WORK TASK:
From the data below, repeat exactly the lines from the line with "Ios, Greece - September" to the line with "by Jeff Robinson.", both included.

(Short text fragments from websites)
☆ ☆ ☆ ☆ ☆ ☆ ☆

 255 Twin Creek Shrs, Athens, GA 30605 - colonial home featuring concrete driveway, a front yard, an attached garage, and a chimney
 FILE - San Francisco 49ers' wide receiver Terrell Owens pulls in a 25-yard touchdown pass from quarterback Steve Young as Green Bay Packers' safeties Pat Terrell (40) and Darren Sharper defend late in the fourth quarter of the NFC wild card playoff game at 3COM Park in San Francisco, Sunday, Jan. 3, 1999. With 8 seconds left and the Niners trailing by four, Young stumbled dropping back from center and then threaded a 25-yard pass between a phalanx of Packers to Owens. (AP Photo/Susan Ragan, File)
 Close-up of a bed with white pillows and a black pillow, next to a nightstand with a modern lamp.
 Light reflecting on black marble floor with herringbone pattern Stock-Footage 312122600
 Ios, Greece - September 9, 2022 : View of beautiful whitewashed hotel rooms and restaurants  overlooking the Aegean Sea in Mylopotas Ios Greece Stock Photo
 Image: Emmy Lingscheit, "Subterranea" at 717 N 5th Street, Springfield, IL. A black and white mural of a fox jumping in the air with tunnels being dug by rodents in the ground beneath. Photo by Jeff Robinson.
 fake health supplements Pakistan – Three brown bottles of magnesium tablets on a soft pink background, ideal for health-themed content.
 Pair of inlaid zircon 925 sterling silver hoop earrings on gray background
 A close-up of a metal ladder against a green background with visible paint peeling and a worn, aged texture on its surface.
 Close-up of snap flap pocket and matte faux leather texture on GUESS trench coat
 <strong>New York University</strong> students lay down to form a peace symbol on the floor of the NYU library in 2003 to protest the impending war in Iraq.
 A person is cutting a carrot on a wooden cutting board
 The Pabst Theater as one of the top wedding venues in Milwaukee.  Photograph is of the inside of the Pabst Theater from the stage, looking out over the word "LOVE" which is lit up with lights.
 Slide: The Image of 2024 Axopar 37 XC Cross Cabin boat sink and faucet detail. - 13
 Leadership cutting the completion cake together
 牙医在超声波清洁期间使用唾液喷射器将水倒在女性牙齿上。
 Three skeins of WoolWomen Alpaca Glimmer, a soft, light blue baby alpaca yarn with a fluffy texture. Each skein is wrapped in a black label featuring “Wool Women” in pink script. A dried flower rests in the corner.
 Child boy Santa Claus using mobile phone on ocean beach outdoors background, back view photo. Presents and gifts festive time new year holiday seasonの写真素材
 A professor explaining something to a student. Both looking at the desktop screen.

☆ ☆ ☆ ☆ ☆ ☆ ☆

OUTPUT:
 Ios, Greece - September 9, 2022 : View of beautiful whitewashed hotel rooms and restaurants  overlooking the Aegean Sea in Mylopotas Ios Greece Stock Photo
 Image: Emmy Lingscheit, "Subterranea" at 717 N 5th Street, Springfield, IL. A black and white mural of a fox jumping in the air with tunnels being dug by rodents in the ground beneath. Photo by Jeff Robinson.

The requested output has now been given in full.